EXCERPTED RECORDS >>
▼
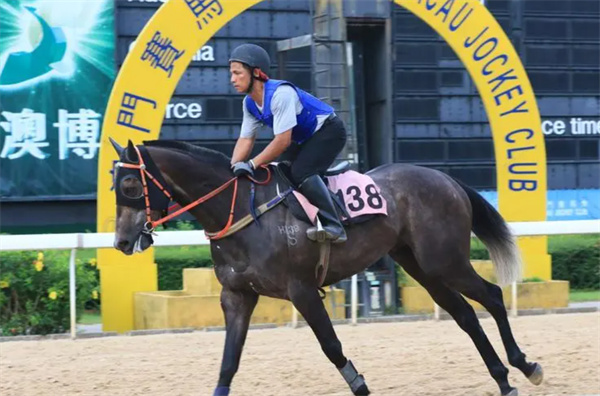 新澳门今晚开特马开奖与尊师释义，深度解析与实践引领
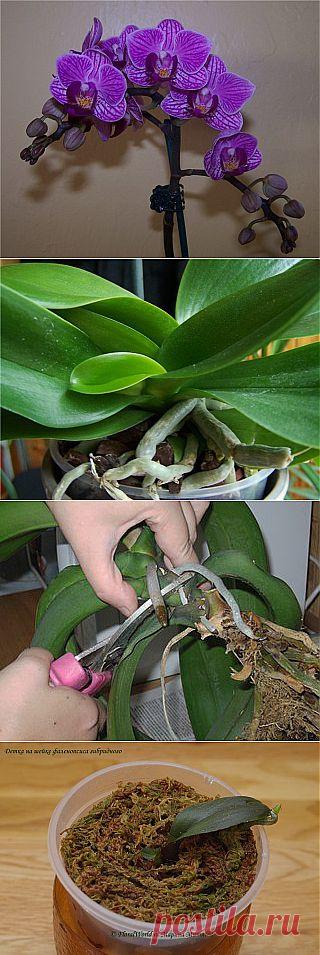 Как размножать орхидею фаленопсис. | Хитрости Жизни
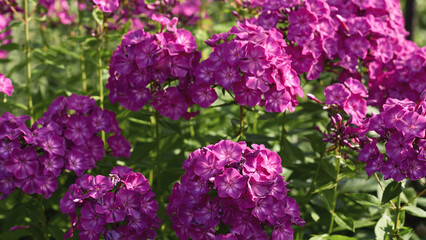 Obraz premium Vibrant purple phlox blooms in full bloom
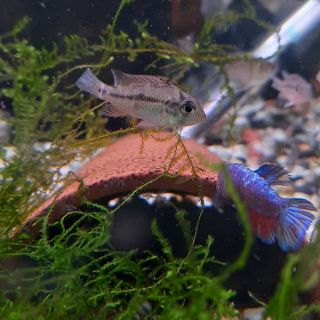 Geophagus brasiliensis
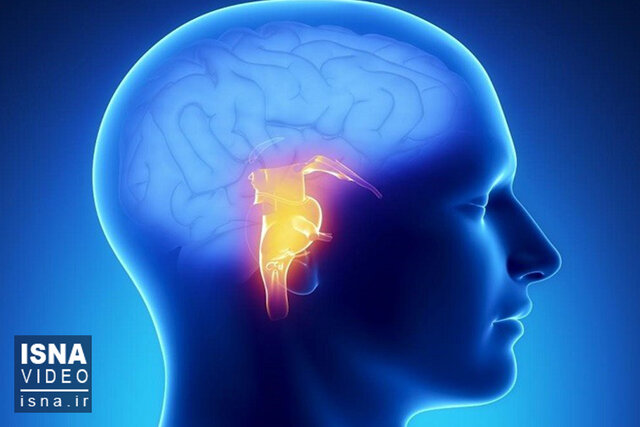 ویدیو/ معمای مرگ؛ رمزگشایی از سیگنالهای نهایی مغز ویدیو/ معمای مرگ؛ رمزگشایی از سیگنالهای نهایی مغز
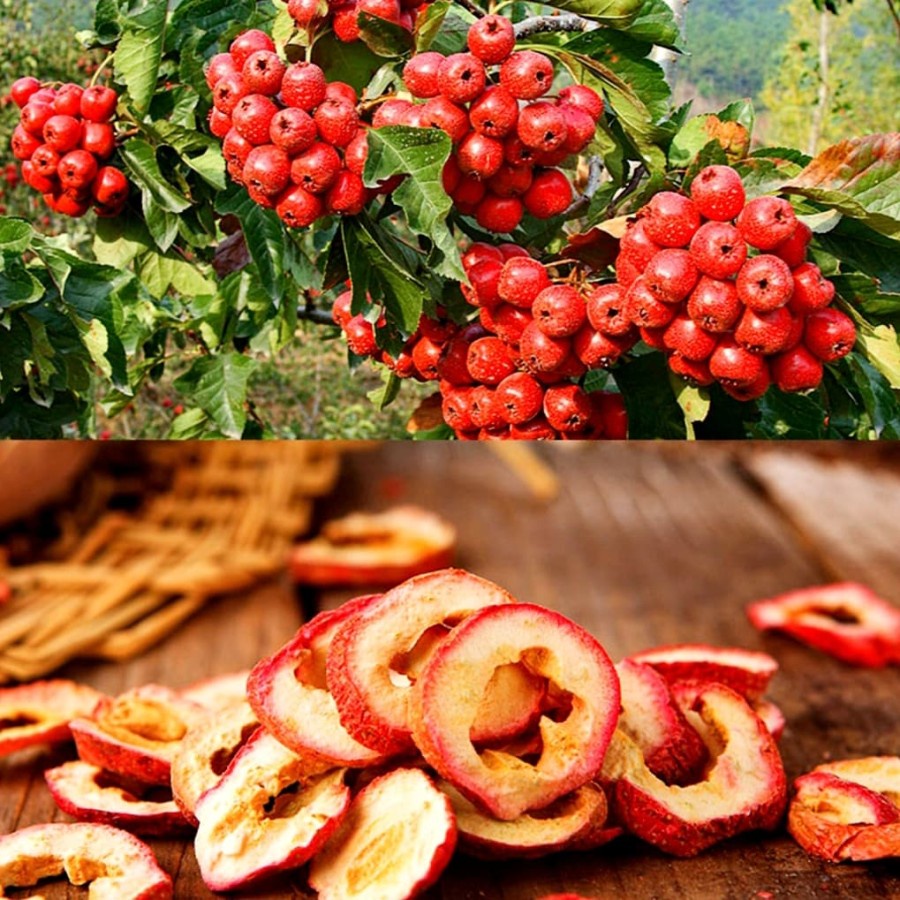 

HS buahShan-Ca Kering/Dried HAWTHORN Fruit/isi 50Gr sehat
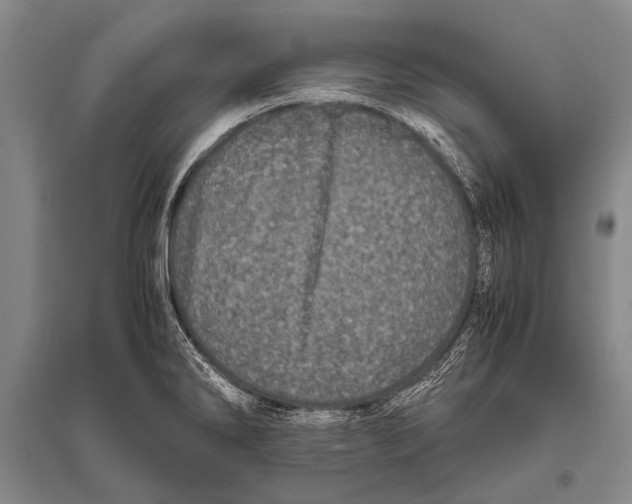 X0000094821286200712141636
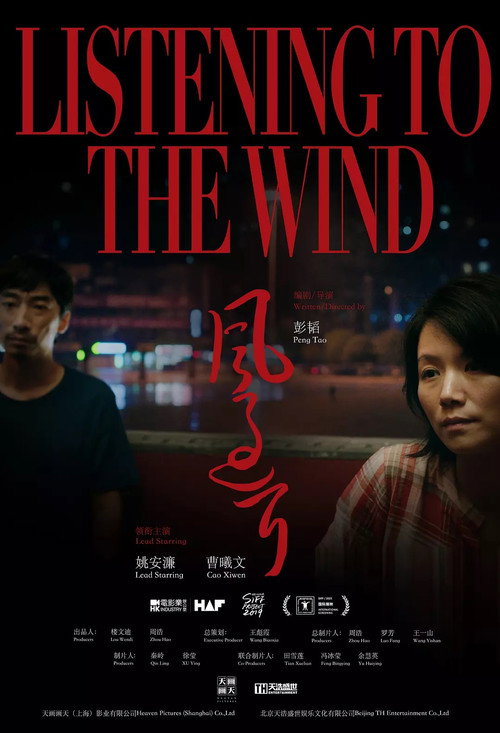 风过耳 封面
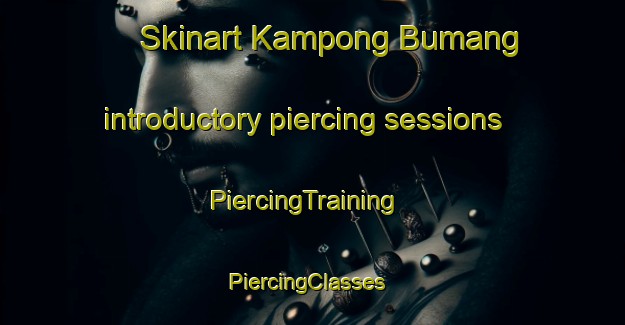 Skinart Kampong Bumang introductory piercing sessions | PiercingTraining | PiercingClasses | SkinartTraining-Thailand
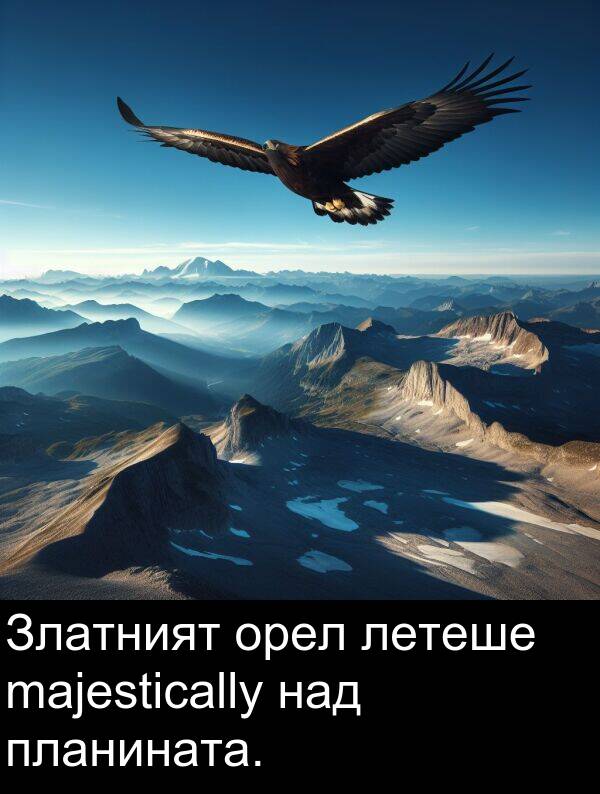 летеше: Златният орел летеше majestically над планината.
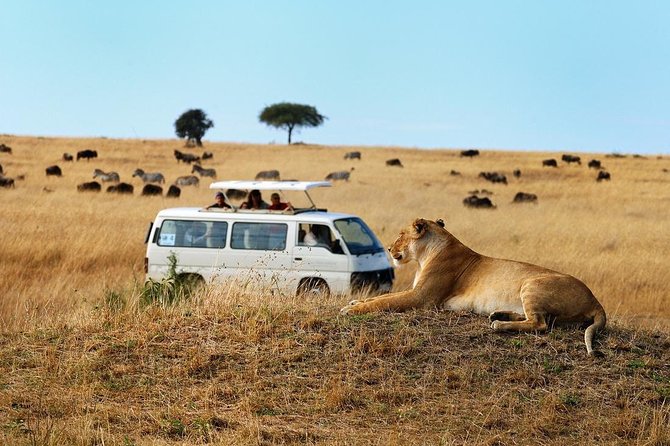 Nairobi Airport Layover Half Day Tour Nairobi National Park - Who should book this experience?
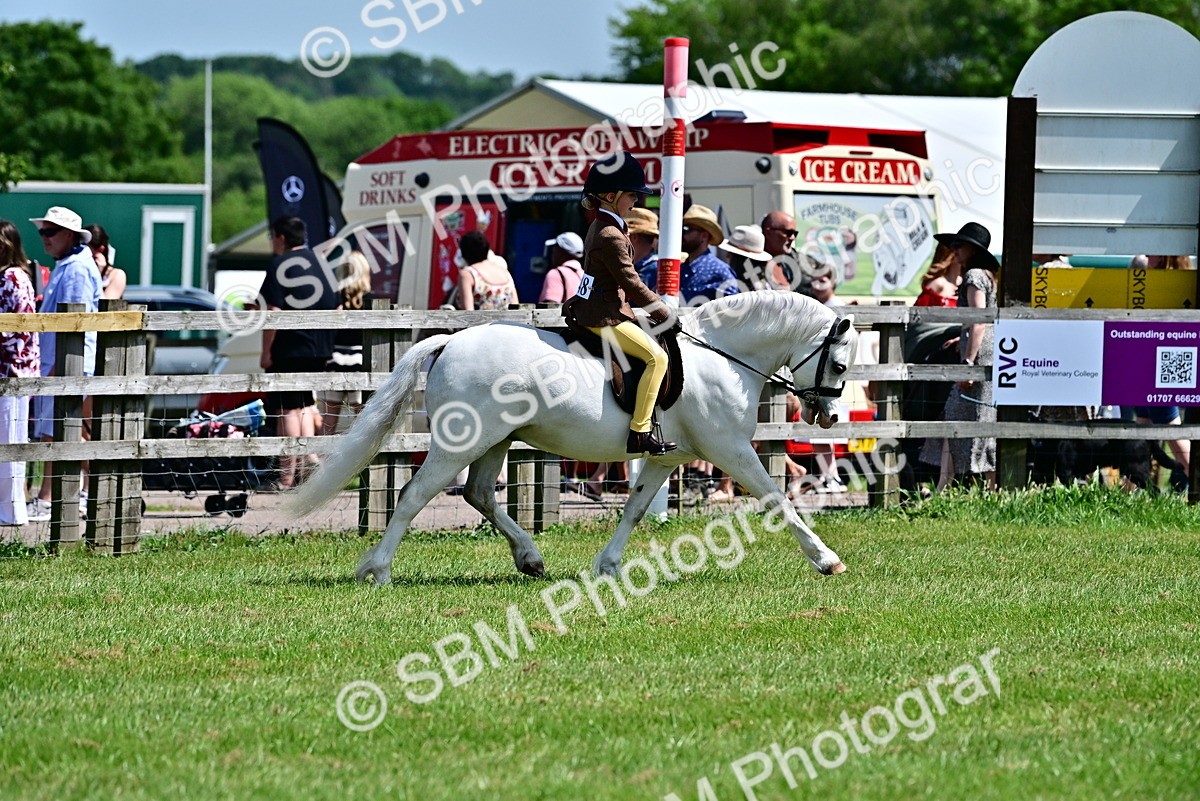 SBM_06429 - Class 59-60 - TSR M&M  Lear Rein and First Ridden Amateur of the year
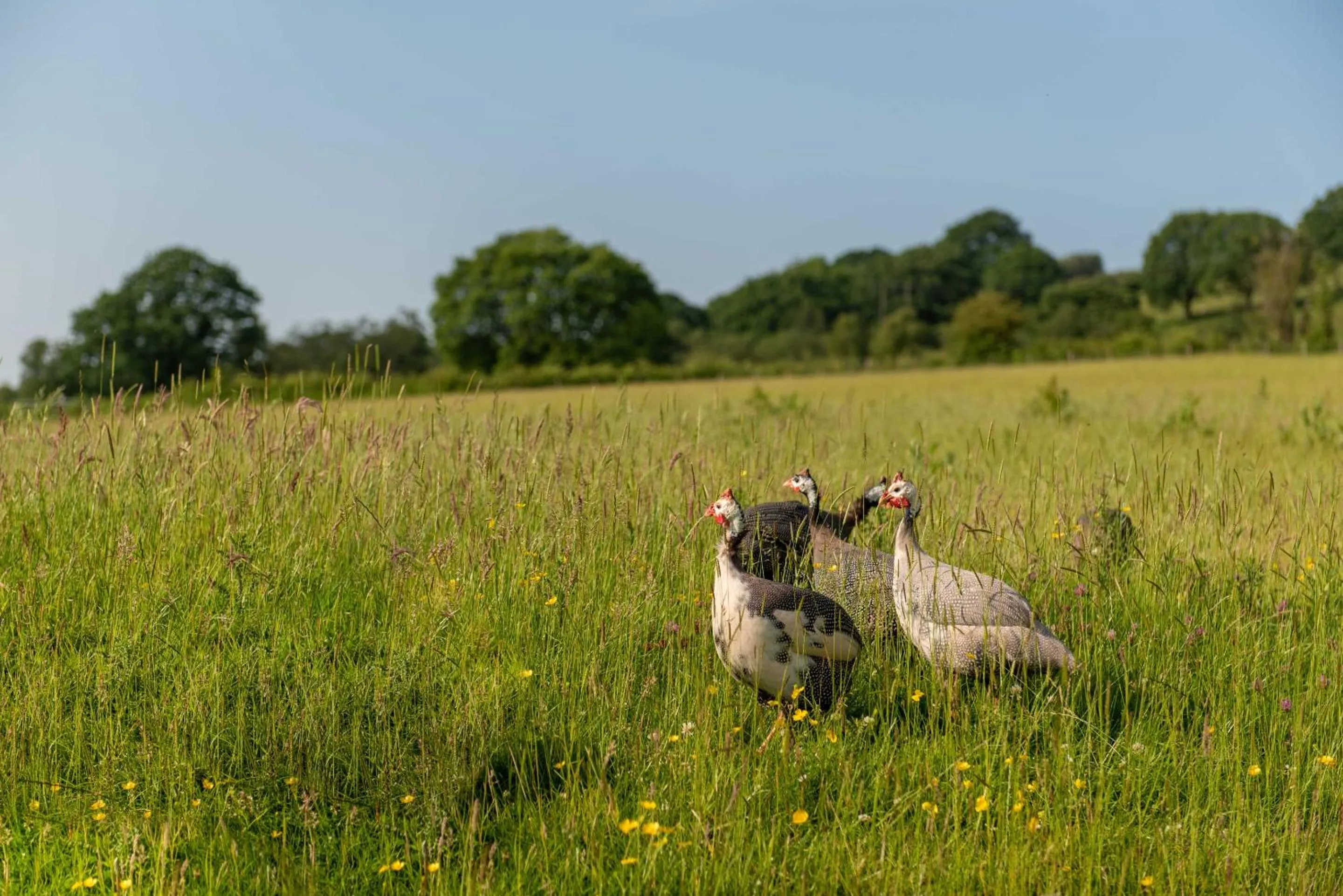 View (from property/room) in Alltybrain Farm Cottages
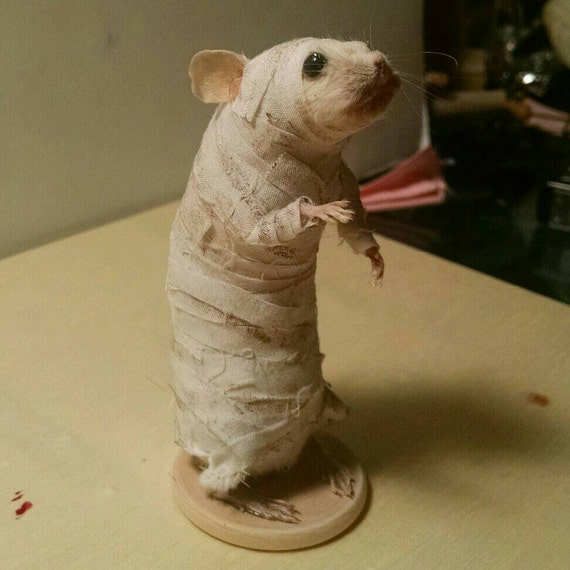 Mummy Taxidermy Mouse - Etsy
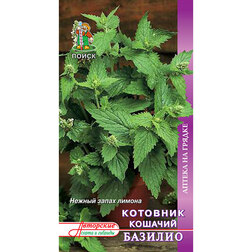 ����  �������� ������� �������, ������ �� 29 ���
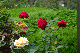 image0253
▲
PROBLEM TO WORK ON >> Restate, word for word, each line from the one with "View (from property/room)" to the end of the entries, both included, and keep every picture out.

ANSWER FOR THIS EXERCISE >>
 View (from property/room) in Alltybrain Farm Cottages
 Mummy Taxidermy Mouse - Etsy
 ����  �������� ������� �������, ������ �� 29 ���
 image0253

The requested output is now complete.